She said: “Even now, nine months after the incident, my leg is still weak. Almost on a daily basis my leg will collapse under me.”

Miss Walsh said that Rashid’s driving had “created a substantial risk of danger.” He admitted a charge of causing serious injury by dangerous driving.

A report from the probation service indicated that Rashid was remorseful and “took full responsibility for his actions.”

Mark Brookes, mitigating, said his client was now back with his wife and the mother of his two children, Monica Walsh, with whom he had been in an “on-off” relationship for six years. He said that after the crash, Rashid had sent a text asking whether Miss Everard was okay, saying: “I didn’t mean to do that.”

He added that Rashid, whose address was given as Swanland Avenue in Bridlington, had been angry, but “accepts that his anger should not have been directed at Miss Everard, who had come to her friend’s aid.”

Judge Neil Davey QC said that Rashid’s actions were triggered by a “trivial objection to the behaviour of someone you barely knew.”
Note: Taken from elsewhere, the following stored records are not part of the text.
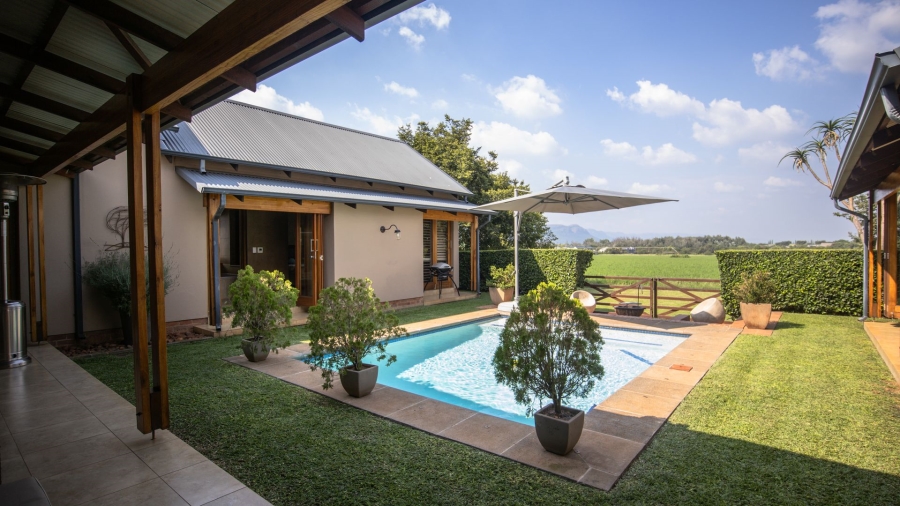 4 Bedroom Property for Sale in The Coves North West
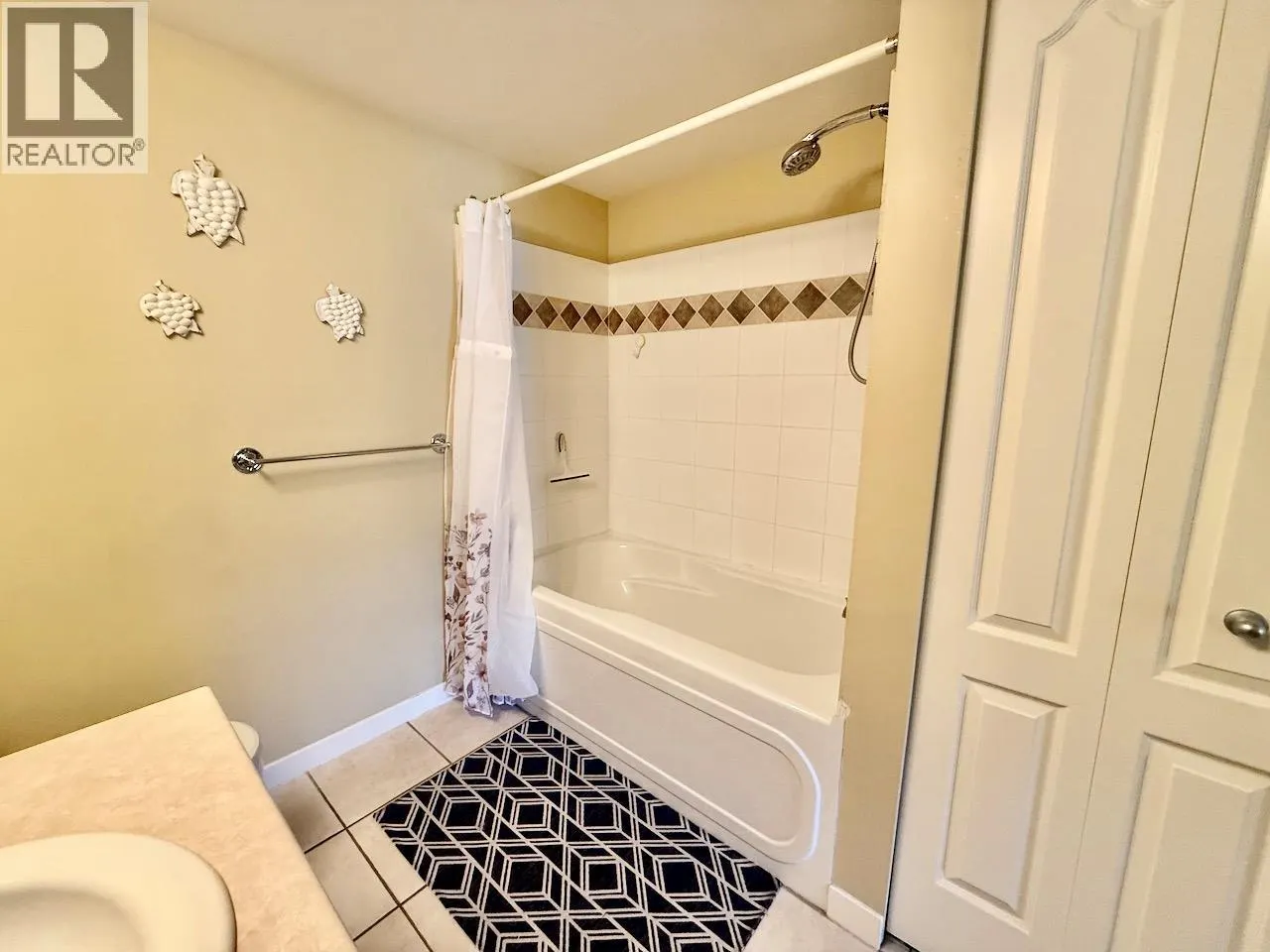 7600 COTTONWOOD Drive Unit# 406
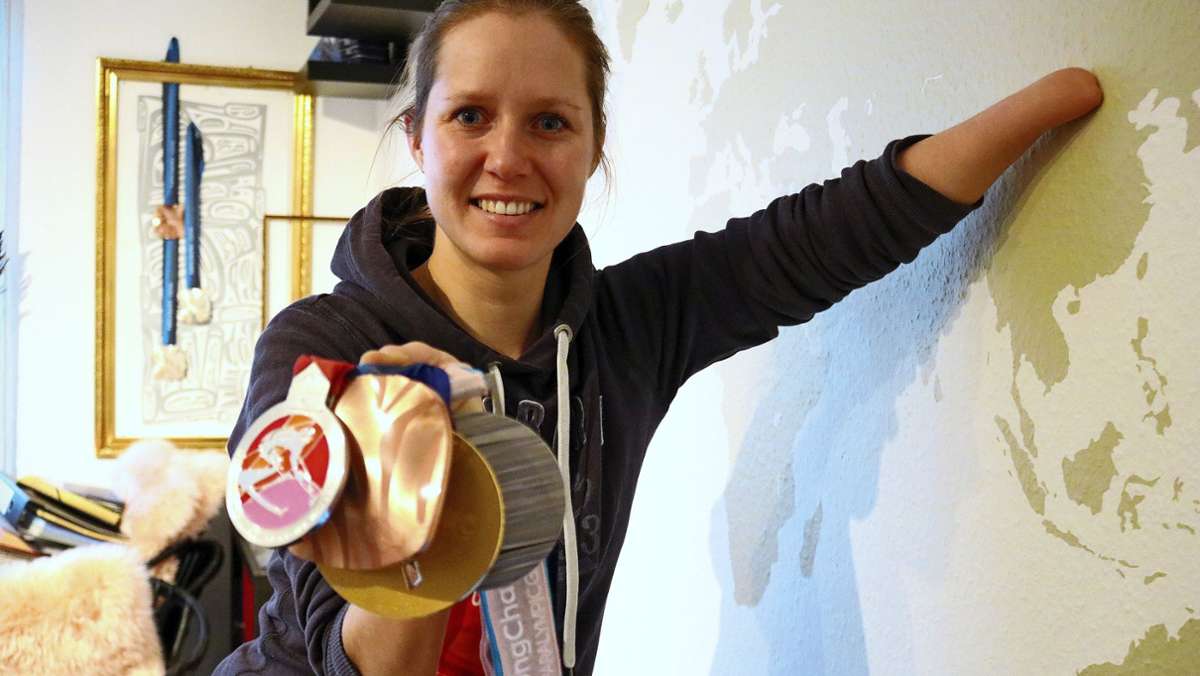  Die 13-malige paralympische Medaillengewinnerin Andrea Rothfuss will noch einmal angreifen. Die 32-jährige Skifahrerin aus Rommelshausen möchte bei den Weltmeisterschaften im Januar in Hafjell aufs Treppchen. 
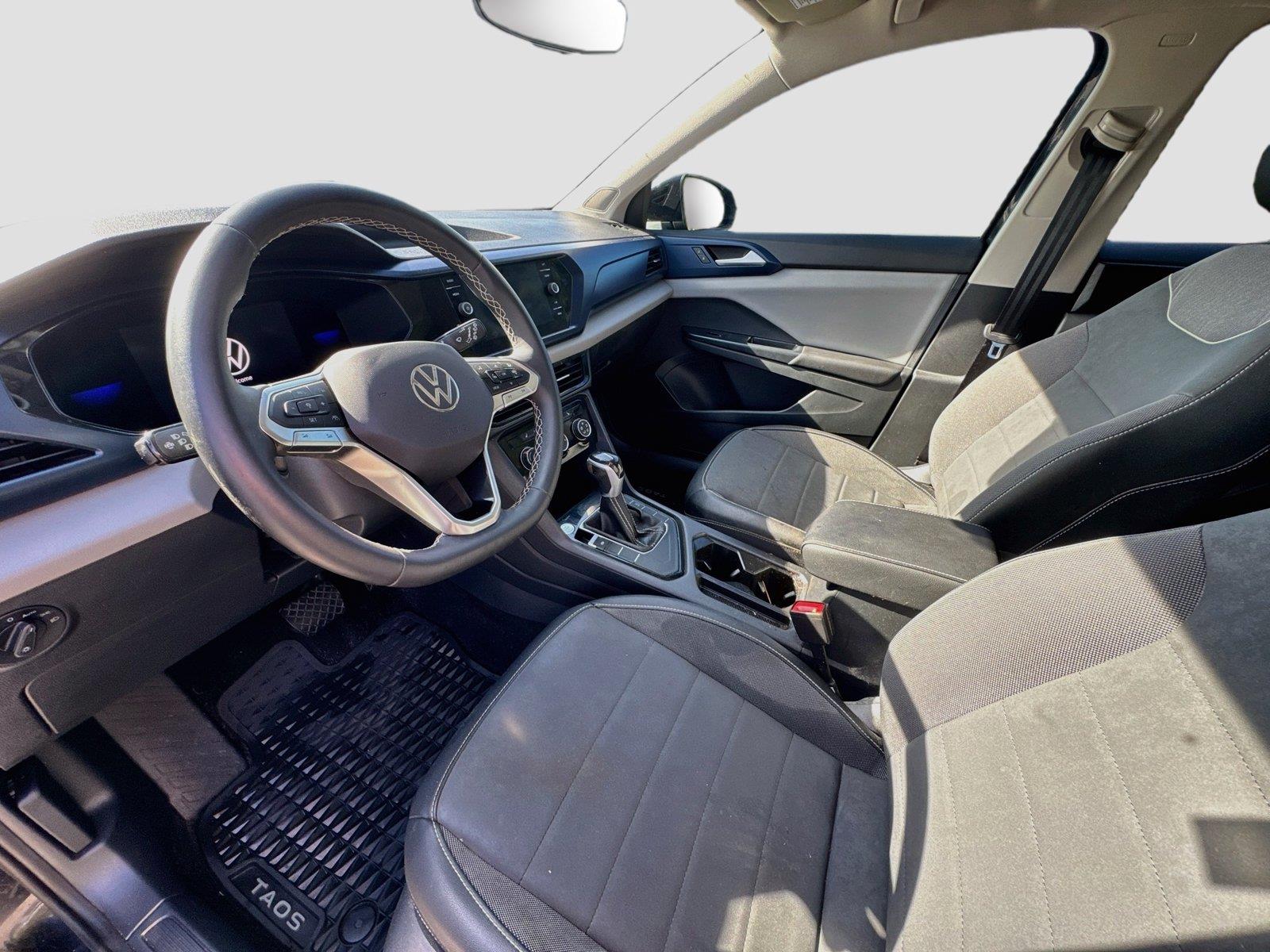2023 Volkswagen Taos SE - Photo 11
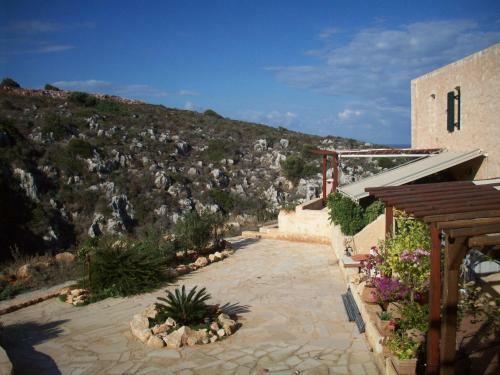 Comfortable House Near Chania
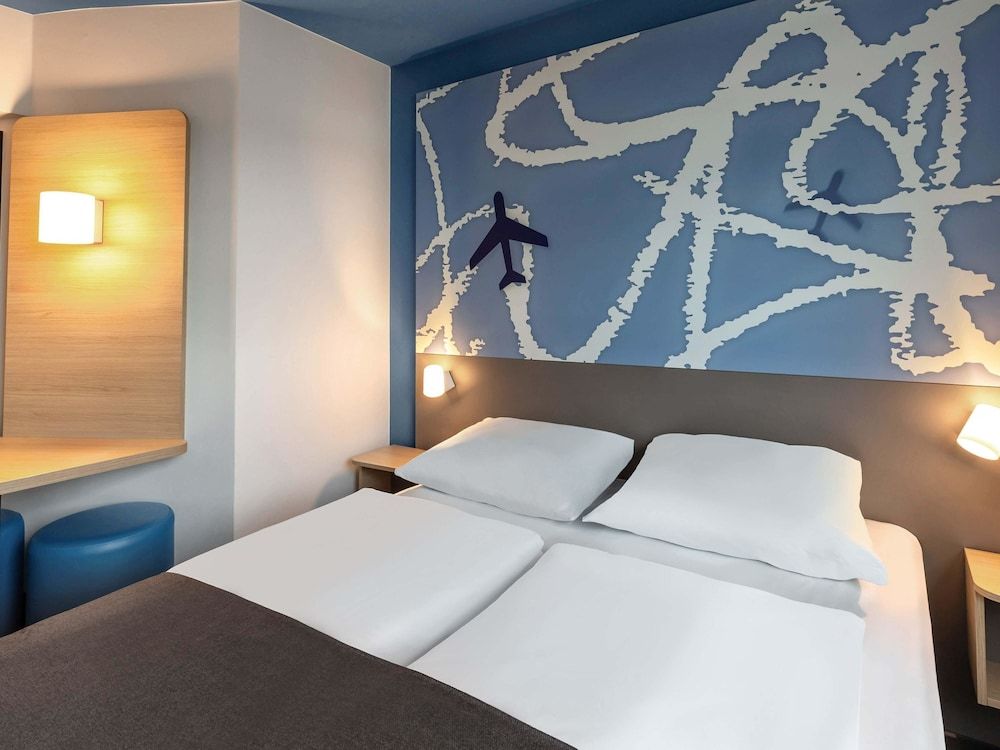 B&B Hotel Frankfurt-Hahn Airport -1 estrelas em Lautzenhausen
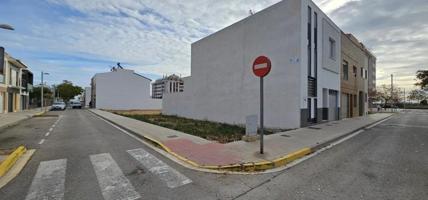 Terreno en venta en Silla, Carrer de Borriana, 46460 photo 0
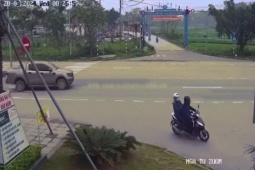 Ô tô - Clip: Bán tải mắc lỗi khi sang đường bị xe tải đâm nát một bên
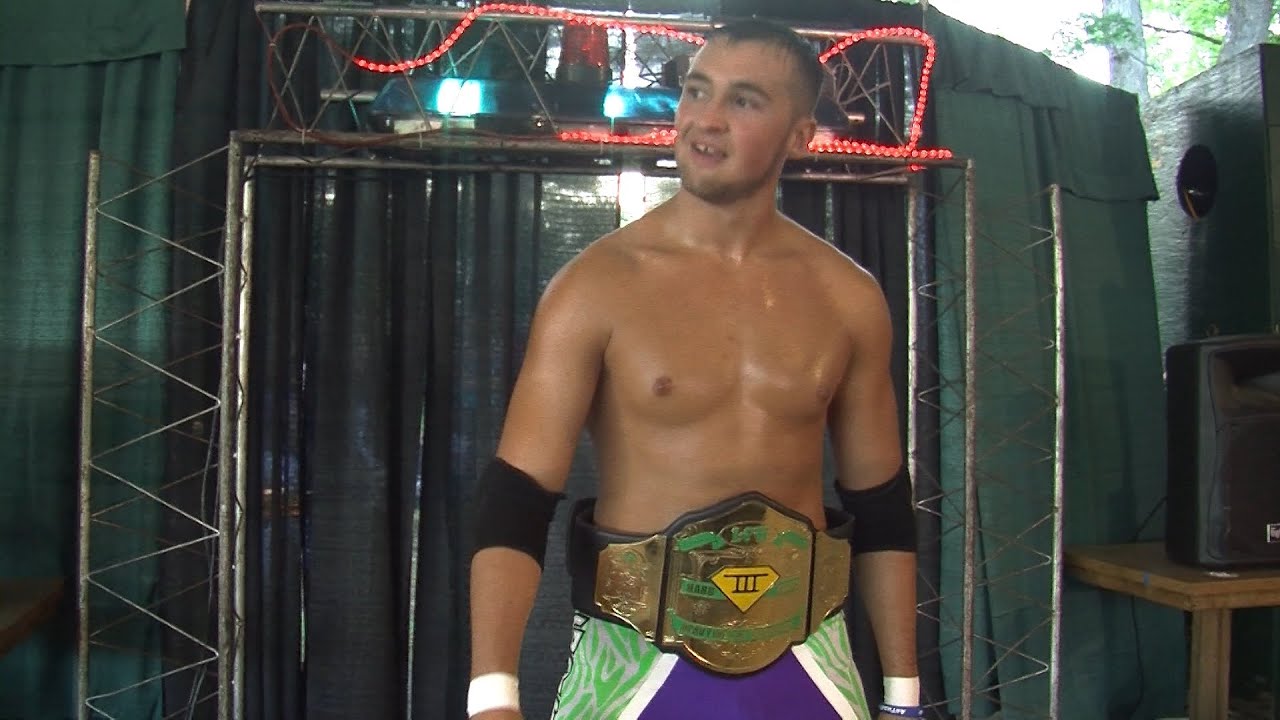 Anthony Greene vs Donovan Dijak (Star Clash 2) 6.26.15 - Lucky Pro Wrestling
He said: “In your temper you decided to punish her. You deliberately drove at her. She collided with the bonnet and was knocked to the floor. Despite that, you continued to drive forwards and her leg was caught in the wheel of your car.”

Judge Davey said that the injuries caused to Miss Everard would “in all likelihood, be with her for ever.”

He told Rashid: “The fact his case is not death by dangerous driving is purely by luck rather than judgement.”

Rashid was jailed for two years and eight months, and banned from driving for three years.